Bethany Beach, Delaware, July 20, 2016

Tom Scocca
The Awl
Published in
2 min readJul 21, 2016

★★★★ A tow truck was circling the parking lot outside the window in the depths of the night, its flashing light coming through the blinds so insistently that it fully broke through sleep, at which point the strobe could be understood to be no truck at all but lightning, unimagined quantities of lightning, coming without break or pause. Minutes went by with no slackening, as water sluiced down the windows in a solid sheet. There were more than 100 flashes as the stopwatch on the phone counted 60 seconds, once it was even possible to think and count. The morning was calm under a dusty blue haze. The temperature reading seemed mild but the water was boiling back up out of the gravel margins of the street and the soggy fake turf of the miniature golf course. The coffee shop was planning to shut down at noon for lack of air conditioning, and there were grounds in the bottom of the iced coffee cup. In the afternoon, the skates or rays were jumping and flipping out where the ocean turned from greenish to bluish. An inflatable boat, loaded with children roasted brown by the sun, was steered by adults in water up to their knees. When something big—a skate? a dolphin?–swam closer to shore, the little children were put ashore so that older youths could paddle out to try to find it.
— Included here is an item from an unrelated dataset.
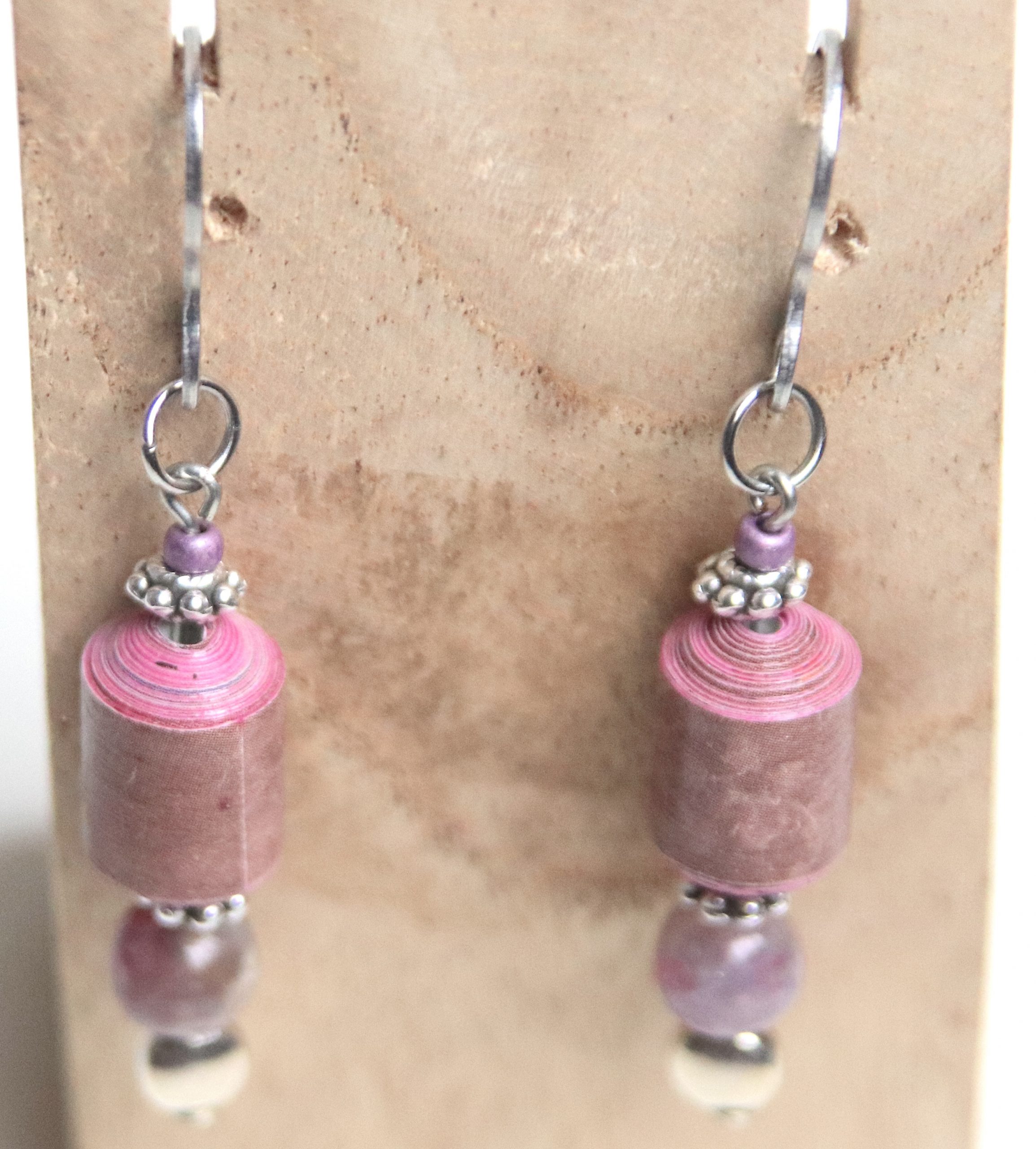 Boucles d'oreilles avec une perle en papier cylindrique rose violette et une perle d'agate du Botswana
There were dead insects in the top of the water and dead-looking jellyfish floating below, sloshing in and out with the waves. Back ashore, a small rabbit nibbled grass at the edge of the sand patch where the grill sat. The time came for the full moon to rise, but the shapeless blue on the horizon must have been clouds, and the only brightness that could be discerned was the flickering lights of a ship, all but out of view.